Origène avait certainement commenté ce verset[1] et il en avait donné une explication purement allégorique ; les eaux situées au-dessus du firmament figuraient, selon lui, les puissances angéliques ; les eaux inférieures représentaient les démons.

Dans une lettre à Jean de Jérusalem, dont Saint Jérôme nous a conservé le texte, Saint Épiphane reprochait vivement à Origène cette interprétation allégorique, qui lui semblait une erreur ; Jérôme partageait, à cet égard, l’avis d’Épiphane.

La plupart des Pères de l’Église voulaient que ce verset de la Genèse fût pris au pied de la lettre ; le firmament était un orbe solide ; à l’intérieur de cette sphère se trouvaient des eaux inférieures, celles qui recouvrent une partie de la terre ; à l’extérieur, demeuraient d’autres eaux.

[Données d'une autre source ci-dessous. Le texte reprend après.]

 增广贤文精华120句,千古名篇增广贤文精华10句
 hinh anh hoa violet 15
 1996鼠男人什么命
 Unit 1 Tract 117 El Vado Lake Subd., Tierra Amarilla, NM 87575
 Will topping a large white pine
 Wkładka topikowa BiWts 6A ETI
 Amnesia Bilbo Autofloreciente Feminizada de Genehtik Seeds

De ces trois propositions, les deux premières s’accordaient fort bien avec la Physique du Stagirite ; l’existence des eaux inférieures ne pouvait faire l’objet d’aucun doute ; quant au Ciel, Aristote le croyait formé d’un certain nombre de globes solides emboîtés les uns dans les autres.

En revanche, l’existence de masses d’eau hors du lieu propre de l’eau, au delà de la dernière sphère céleste, contredisait à la conception du Monde qu’avait élaborée la Philosophie péripatéticienne et la plupart des philosophies antiques.

Les philosophes s’évertuaient donc à montrer aux docteurs chrétiens que ces eaux ne pouvaient subsister hors du Ciel, et les docteurs chrétiens s’efforçaient de réfuter leurs raisons. La plupart du temps, en cette discussion, la naïveté des objections rivalisait avec la puérilité des réponses.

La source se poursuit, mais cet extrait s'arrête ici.